What to produce —
Retype all entries exactly as they stand, excluding pictures.

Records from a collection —

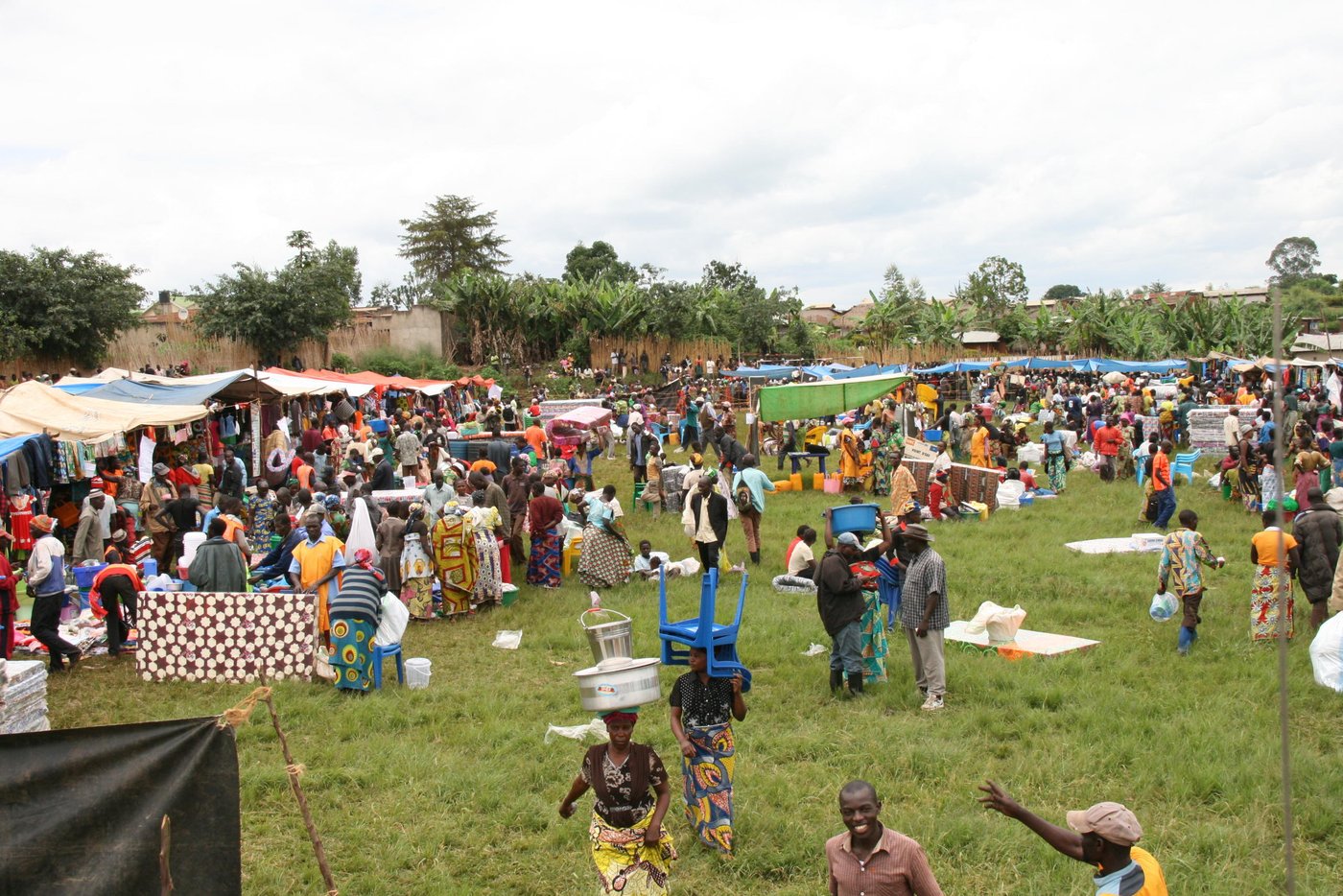 In late April and early May 2018, NRC has provided nonfood assistance to over 14,000 displaced and host families in Bunia, Mahagi and Djugu territories, Ituri province in the east of DRC.
NRC has delivered this aid through fair markets where beneficiaries have freely purchased essential household items like pots, pans, mattress, blankets, clothes, etc. Results made possible with UNICEF support via the RRMP8.
RRMP, a humanitarian approach based on a cooperation between humanitarian organisations, managed by UNICEF, was created in 2004 to ensure rapid responses to the humanitarian needs of displaced populations in DR Congo. The programme targets people who have been displaced for three months or less without any assistance.
Photo: NRC/Ephrem Chiruza. April 2018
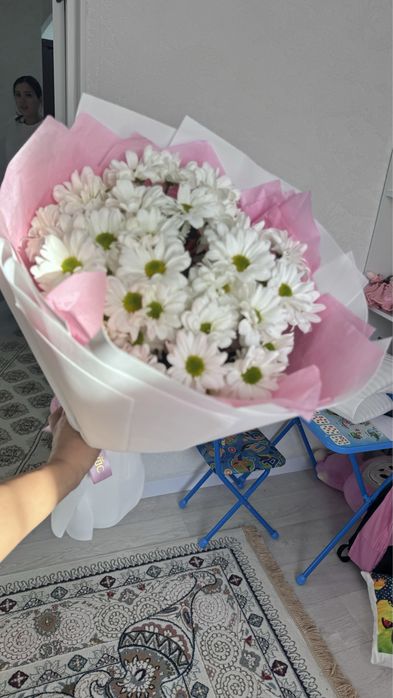 Продам живые Цветы , очень красивые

Solution to this exercise —
 In late April and early May 2018, NRC has provided nonfood assistance to over 14,000 displaced and host families in Bunia, Mahagi and Djugu territories, Ituri province in the east of DRC.
NRC has delivered this aid through fair markets where beneficiaries have freely purchased essential household items like pots, pans, mattress, blankets, clothes, etc. Results made possible with UNICEF support via the RRMP8.
RRMP, a humanitarian approach based on a cooperation between humanitarian organisations, managed by UNICEF, was created in 2004 to ensure rapid responses to the humanitarian needs of displaced populations in DR Congo. The programme targets people who have been displaced for three months or less without any assistance.
Photo: NRC/Ephrem Chiruza. April 2018
 Продам живые Цветы , очень красивые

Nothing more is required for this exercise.